Chi invece non rideva per niente erano i politici che dalle elezioni si aspettano una conferma del loro posto al Congresso. La mossa di Bush, per scoperta che sia, ha infatti la possibilità di influenzare il dibattito elettorale soppiantando nel rango di «tema numero uno» il problema Iraq con quello della «lotta al terrore», che significa lo sfruttamento, ancora una volta, della «carta del terrore», sicuramente meno efficace di un tempo ma pur sempre meglio di qualsiasi altra.

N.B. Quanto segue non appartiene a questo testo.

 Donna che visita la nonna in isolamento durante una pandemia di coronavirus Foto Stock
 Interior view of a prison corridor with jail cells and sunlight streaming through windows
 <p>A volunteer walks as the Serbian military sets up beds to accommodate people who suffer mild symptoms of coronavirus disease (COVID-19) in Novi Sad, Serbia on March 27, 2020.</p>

L’altro ieri la Casa bianca – praticamente nello stesso momento in cui Bush stava dicendo che alcuni detenuti delle prigioni segrete erano stati trasferiti a Guantanamo, che nei loro confronti sarebbero state rispettate le norme della convenzione di Ginevra e che le istruzioni che verranno date agli addetti agli interrogatori saranno improntate a un «principio di umanità» – ha fatto pervenire al Congresso una proposta di legge che stabilisce ufficialmente la nascita delle «commissioni militari», cioè quelle che Bush ha creato a suo tempo senza chiedere il permesso a nessuno e che la Corte suprema ha bollato come illegali.

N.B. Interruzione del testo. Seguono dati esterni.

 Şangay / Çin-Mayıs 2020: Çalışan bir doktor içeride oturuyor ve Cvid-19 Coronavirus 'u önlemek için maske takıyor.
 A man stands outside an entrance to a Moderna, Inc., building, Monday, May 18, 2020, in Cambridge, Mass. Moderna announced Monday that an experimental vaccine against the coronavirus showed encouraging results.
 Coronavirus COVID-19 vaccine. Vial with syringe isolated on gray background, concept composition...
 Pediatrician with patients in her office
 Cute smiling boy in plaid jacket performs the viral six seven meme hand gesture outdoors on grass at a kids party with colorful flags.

Erano svariate le ragioni della loro illegalità elencate dall’alta corte, ma Bush ne ha accolta solo una: il fatto che le commissioni militari non fossero state create con una legge votata dal Congresso. Ora la possibilità di correggere le cose c’è, ha detto in pratica la Casa bianca. Basta votare la legge da noi proposta. E’ un trucco, naturalmente, perché nella legge presentata le brutture delle commissioni militari che nessun tribunale «normale», civile o militare che sia, contempla, sono tutte ancora lì: contro gli imputati possono essere presentate come prove effettive le informazioni estorte con la tortura, si possono formulare le accuse senza provarle in nome della sicurezza nazionale (in pratica, sei colpevole perché lo dico io) e si prevede anche l’immunità per i torturatori che finora hanno lavorato indisturbati.

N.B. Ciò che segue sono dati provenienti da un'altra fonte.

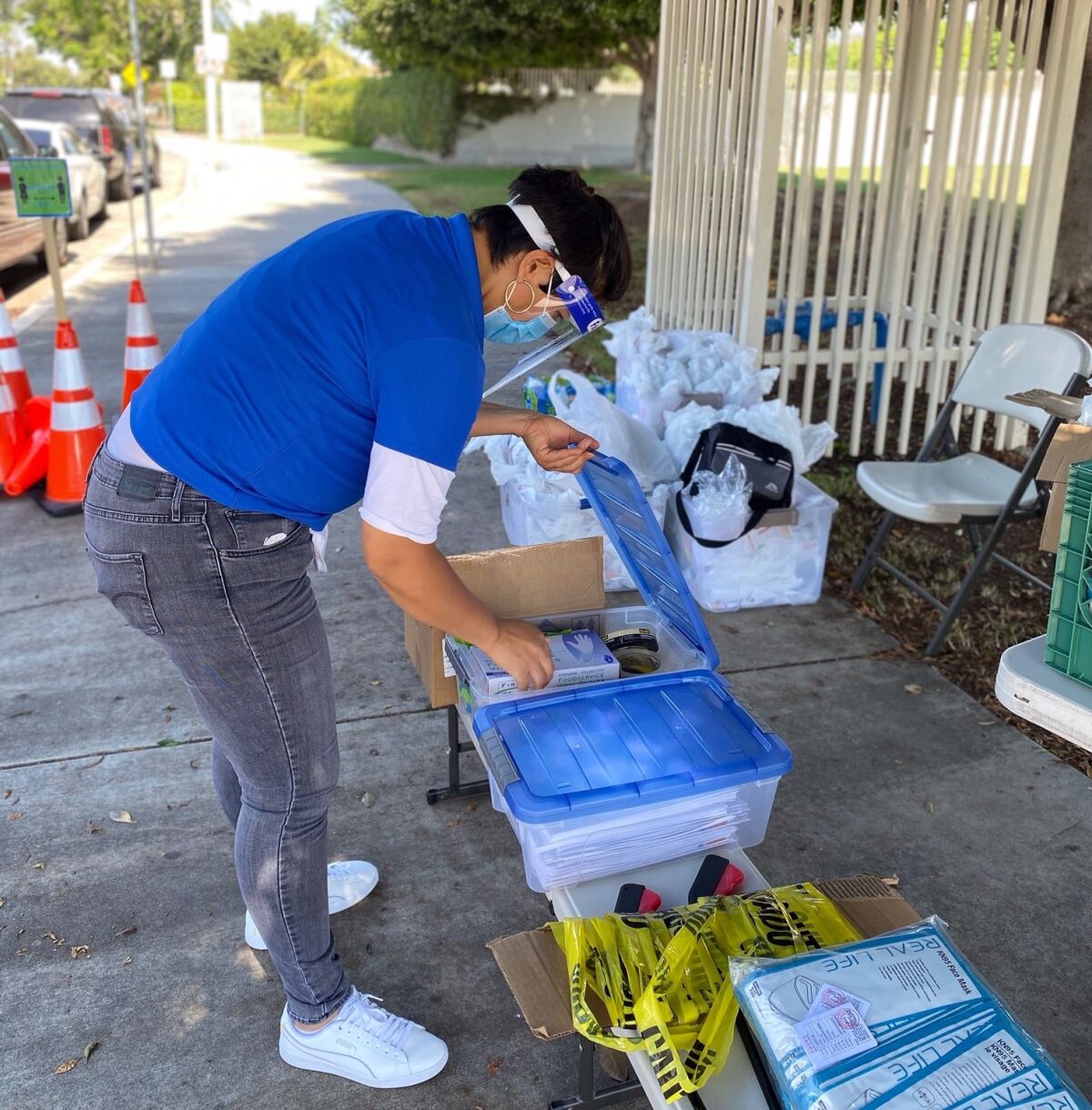 A health advocate handles coronavirus testing supplies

I democratici una cosa del genere non possono ovviamente accettarla, né possono farlo personaggi come i senatori repubblicani John McCain, Lindsay Ghraham e John Warner che hanno già presentato una loro proposta di legge sulle commissioni militari che fa a pugni con quella di Bush. Ma il dilemma, come hanno detto un po’ tutti commentato dopo l’uscita di Bush, «non è sui principi ma sulla convenienza elettorale». E’ possibile conciliare la resistenza contro la legge che Bush vuole (i deputati e senatori a lui vicini hano già cominciato a spingere per approvarla prima della chiusura elettorale del Congresso) e la propria rielezione? Se il pubblico si farà di nuovo prendere dalla paura e mostrerà di voler vedere sulla forca i detenuti «di alto profilo» che sono stati trasferiti a Guantanamo, le due cose non si conciliano: o si approva la legge di Bush o si viene sconfitti nel voto. Se invece gli americani rifiuteranno di farsi prendere in giro ancora una volta, non solo resistenza a Bush e rielezione si concilieranno ma addirittura si aiuteranno a vicenda.
Gli ultimi sondaggi (se ne parlava già ieri) mostrano che la gente disposta a credere ancora a Bush diminuisce costantemente, ma la grande «offensiva della paura» della Casa Bianca è appena cominciata.